In an ideal gas at temperature T , the average force that a molecule applies on the walls of a closed container depends on `T "as" T^(q)` . A good estimate for q is :-

To solve the problem, we need to determine how the average force that a molecule applies on the walls of a closed container depends on the temperature \( T \) in an ideal gas. We are looking for a relationship of the form \( F \propto T^q \) and need to estimate the value of \( q \). ### Step-by-Step Solution: 1. **Understanding Pressure in an Ideal Gas**: The average pressure \( P \) exerted by an ideal gas on the walls of a container is given by the formula: \[ P = \frac{1}{3} \frac{m n}{V} v_{\text{rms}}^2 \] where: - \( m \) is the mass of a gas molecule, - \( n \) is the number of molecules, - \( V \) is the volume of the container, - \( v_{\text{rms}} \) is the root mean square speed of the gas molecules. 2. **Relating Average Force to Pressure**: The average force \( F \) that the gas molecules apply on the walls can be expressed as: \[ F = P \cdot A \] where \( A \) is the area of the wall. Substituting the expression for pressure: \[ F = \left(\frac{1}{3} \frac{m n}{V} v_{\text{rms}}^2\right) \cdot A \] 3. **Substituting Volume**: The volume \( V \) can be expressed as \( V = A \cdot L \) (where \( L \) is the length of the container).
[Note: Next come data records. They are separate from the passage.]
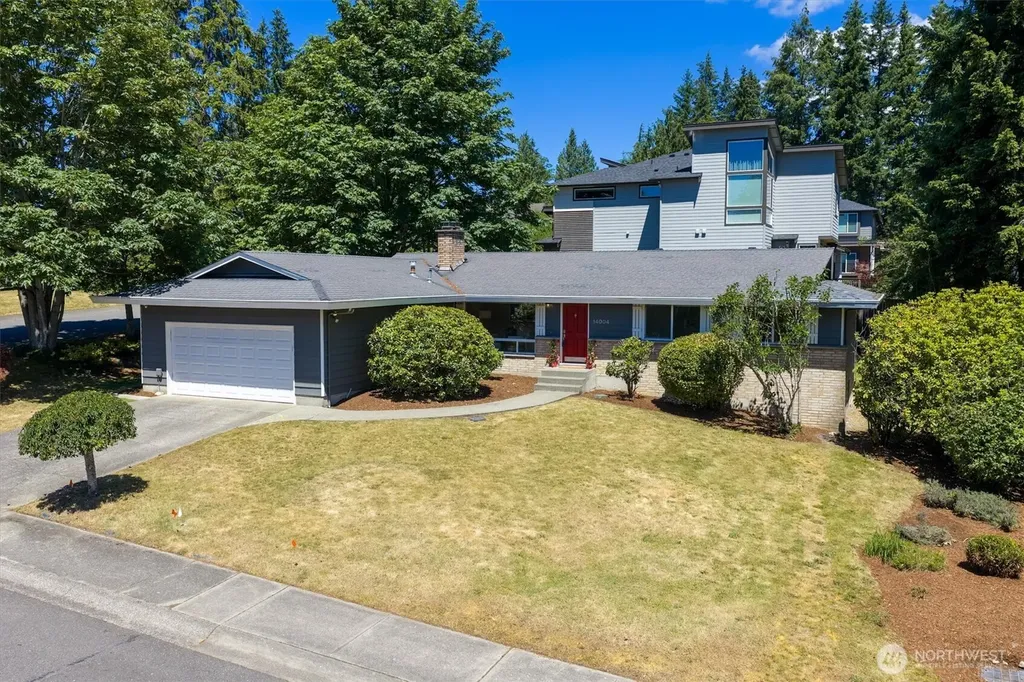 14004 SE 20th Street Bellevue WA 98007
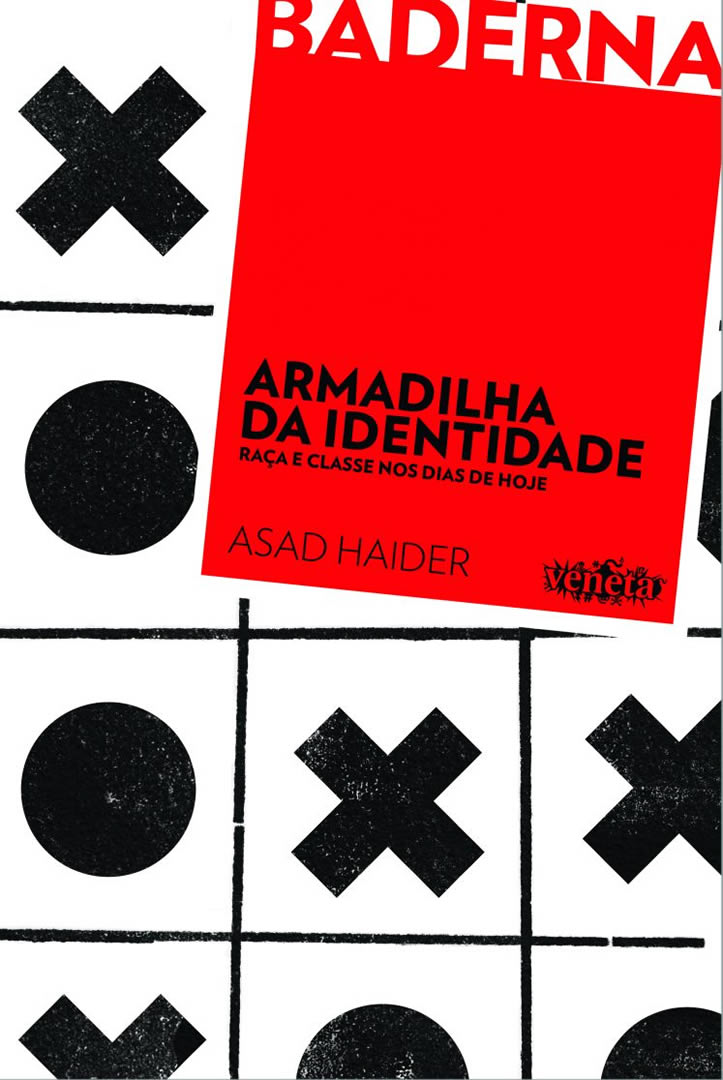 Armadilha da Identidade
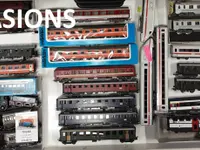 Le Train Jouet Sàrl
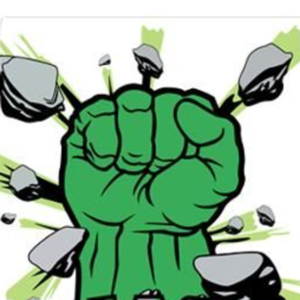 hulkidota avatar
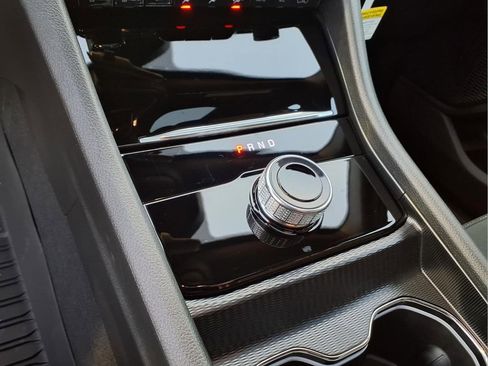 New 2026 Jeep Grand Cherokee Laredo X AWD/4WD image 25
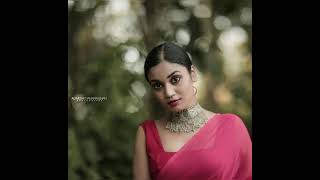 ACTRESS  MEENAKSHI MADHURAGHAVAN AT MALAYALAM   AND TAMIL MOVIE..........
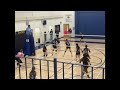 SEAVC Winter Classic - Highlights - Shelby Parker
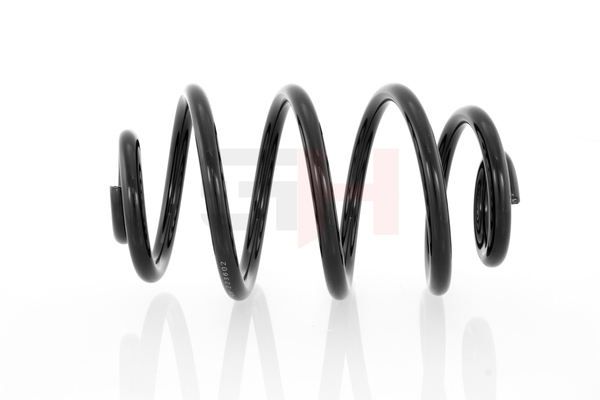 Cumpărați online Arc spiral GH-223602 original/ă și la un preț mic, compatibil/ă cu nr. OEM 424319
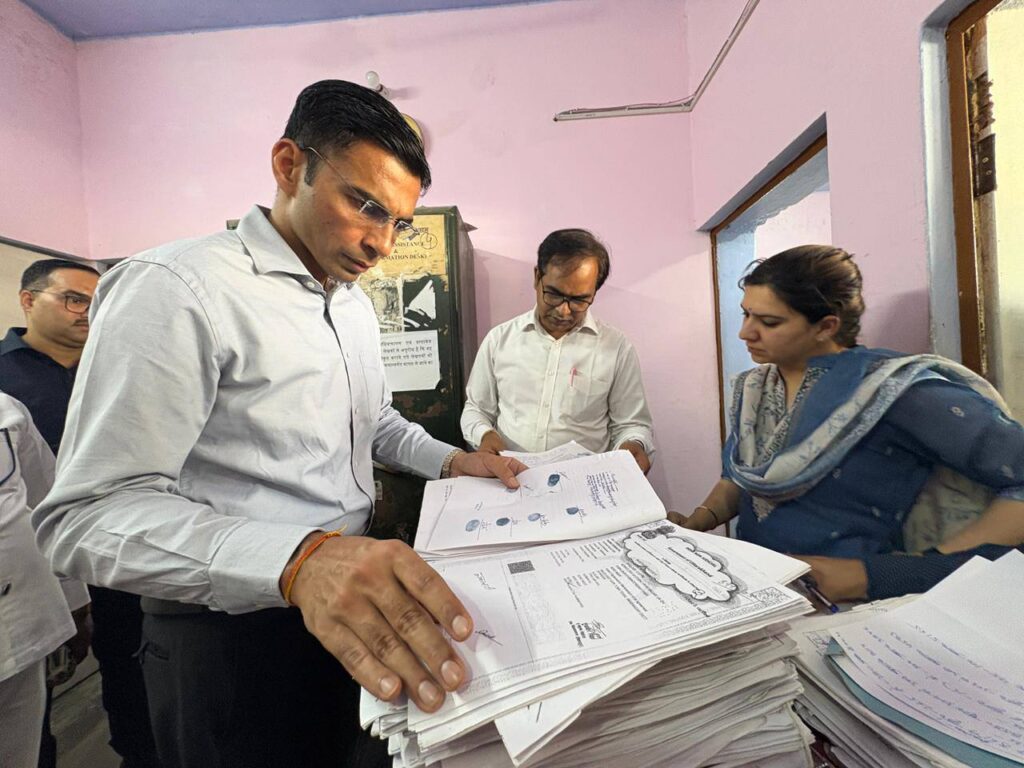 Uttarakhand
Thus, we can rewrite the force as: \[ F = \frac{1}{3} \frac{m n}{A \cdot L} v_{\text{rms}}^2 \cdot A \] Simplifying this gives: \[ F = \frac{1}{3} \frac{m n}{L} v_{\text{rms}}^2 \] 4. **Relating \( v_{\text{rms}} \) to Temperature**: The root mean square speed \( v_{\text{rms}} \) is related to the temperature \( T \) by the equation: \[ v_{\text{rms}}^2 \propto T \] Therefore, we can say: \[ v_{\text{rms}}^2 = \frac{3k_B T}{m} \] where \( k_B \) is the Boltzmann constant. 5. **Substituting Back**: Substituting \( v_{\text{rms}}^2 \) back into the expression for force: \[ F \propto \frac{m n}{L} \cdot T \] Since \( m \), \( n \), and \( L \) are constants, we can conclude that: \[ F \propto T \] 6. **Finding \( q \)**: From the relationship \( F \propto T^q \), we find that: \[ q = 1 \] ### Final Answer: The value of \( q \) is \( 1 \).